The mommy wars exist for one sole purpose — because we need to feel that we're doing something right. That all starts with comparison. If we only understood how little others thought about us, we might realize how silly it is to measure our worth against anyone else. The mother down the street doesn't care how I birth, feed, or discipline my children because she's too busy worrying about how to do those things for her kids. And, if she does get all judgy, I don't want her around me anyway.
Just stop! Stop worrying about what other people are doing in their own homes. It's none of your concern. As long as you and your kids are happy, you're doing fine.
Quit over committing
There are only so many hours in the day, and you don't have to fill up every single one with busy work. Does shuttling kids around town make you _feel productive, or do you think it makes you __look___ productive? Those are two very different concepts. Over scheduling your family does not make you super-mom; it only leads to burnout for you and your kids.

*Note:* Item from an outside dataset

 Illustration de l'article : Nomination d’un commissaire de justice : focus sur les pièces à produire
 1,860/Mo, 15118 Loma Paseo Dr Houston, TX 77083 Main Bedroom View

Give it a rest and cut back. Everyone needs downtime each day, so build that into your schedule. Pick and choose the activities that mean the most to your family, and stick with it. No need to go overboard.
Quit feeling guilty
No one comes to parenting with the intent to screw up their kids, and lucky for us, kids are remarkably resilient. Who cares if you don't parent by the book or take every piece of advice? Belt it like Elsa and make Let It Go your new mantra for life. Kids ate cereal for breakfast? Let it go. Stack of dirty dishes in the sink? Let it go. Preschooler who still isn't potty trained? Let it go.
Beating ourselves up only makes life harder. If you are trying, you are good enough. No one is perfect, and the best any of us can hope for is being good enough.
Quit insisting everyone like you
I find I'm my most miserable when I'm acting like a teenager. In the real world, there is no homecoming queen, and no one cares who you eat lunch with. For a people pleaser like me, that concept is hard to grasp. We all come with our own likes and dislikes, so it's unrealistic to think that every person you meet will fall in love with your inherent charm and winning personality.
In fact, if everyone likes you, chances are that you're hiding your true self from the world. Take a risk and stand up for what you believe in, even if it makes you unpopular. I would rather be interesting than universally liked any day.
Moms, we have better things to do than play head games with ourselves. We have children to raise, and those kids need us emotionally present and available. It's not easy getting past our insecurities, but it is oh so worth it in the end. Go on — be a quitter. I bet you'll surprise yourself with all the things you'll gain.